Esta tarde, durante las primeras tres horas frente a la fogata de basura, unas treinta personas llegan a comprar pequeñas porciones de droga a cambio de cincuenta o cien pesos (tres o seis dólares). Lo hacen frente a la vista de todos y a plena luz del día.
Una patrulla con dos agentes de la Policía Municipal pasa de largo frente a los pandilleros. El copiloto inclina su cabeza hacia atrás y cierra los ojos para hacer que no ve nada.
—¿Ya ves? —pregunta El Güero. —Es que aquí si vos llevás la fiesta en paz, no pasa nada. Solo no hay que meterse con nadie, no buscar pedo. La vida es para los listos, no para los pendejos.
—¿Y aquí son MS? —le pregunta el periodista.
—No —responde.
—¿Entonces son 18?
—Tampoco.
—¿Y entonces?
—Aquí es otra onda.
El líder emeese sigue atizando la basura.

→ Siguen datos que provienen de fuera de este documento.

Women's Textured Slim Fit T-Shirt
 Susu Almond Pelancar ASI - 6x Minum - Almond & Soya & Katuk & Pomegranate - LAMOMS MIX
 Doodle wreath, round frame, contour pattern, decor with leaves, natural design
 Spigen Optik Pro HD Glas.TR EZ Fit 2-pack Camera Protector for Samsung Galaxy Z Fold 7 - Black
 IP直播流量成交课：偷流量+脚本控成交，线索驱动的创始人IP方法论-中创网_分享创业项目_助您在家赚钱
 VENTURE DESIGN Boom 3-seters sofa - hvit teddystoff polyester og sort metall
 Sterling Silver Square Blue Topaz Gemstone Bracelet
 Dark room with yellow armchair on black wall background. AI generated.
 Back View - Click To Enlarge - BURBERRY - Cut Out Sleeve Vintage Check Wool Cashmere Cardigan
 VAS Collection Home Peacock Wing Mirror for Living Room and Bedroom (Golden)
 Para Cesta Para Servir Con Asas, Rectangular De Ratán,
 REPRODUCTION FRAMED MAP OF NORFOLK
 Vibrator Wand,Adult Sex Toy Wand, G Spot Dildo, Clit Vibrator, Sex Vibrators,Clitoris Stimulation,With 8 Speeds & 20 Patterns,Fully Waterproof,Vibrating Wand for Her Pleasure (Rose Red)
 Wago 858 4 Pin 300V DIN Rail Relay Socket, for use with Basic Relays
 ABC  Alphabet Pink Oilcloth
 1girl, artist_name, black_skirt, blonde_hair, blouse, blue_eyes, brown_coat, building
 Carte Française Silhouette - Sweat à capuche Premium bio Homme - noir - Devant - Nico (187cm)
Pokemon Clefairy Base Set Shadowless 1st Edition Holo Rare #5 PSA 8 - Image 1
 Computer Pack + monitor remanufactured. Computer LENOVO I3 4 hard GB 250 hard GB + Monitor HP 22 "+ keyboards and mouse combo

Sobre la pared en la que este grupo improbable se refugia del sol, hay un enorme número 18 pintado con aerosol rojo.
“Aquí puede venir cualquiera y si quiere vivir aquí y trabajar con nosotros, pero tranquilo, se le respeta. Aquí se acabó esa locura de andarnos matando”, dice El Güero. “Aquí se acabó el odio, es lo que nos toca si queremos sobrevivir”.
II. El Éxodo
El “Régimen de Excepción” fue aprobado la madrugada del 27 de marzo de 2022 luego de que en los tres días anteriores las pandillas asesinaran a 87 personas. Aquella matanza, la mayor desde los acuerdos de paz en 1992, tenía su explicación: el pacto que el gobierno de Bukele había mantenido en secreto por poco más de dos años y medio con las pandillas se había roto.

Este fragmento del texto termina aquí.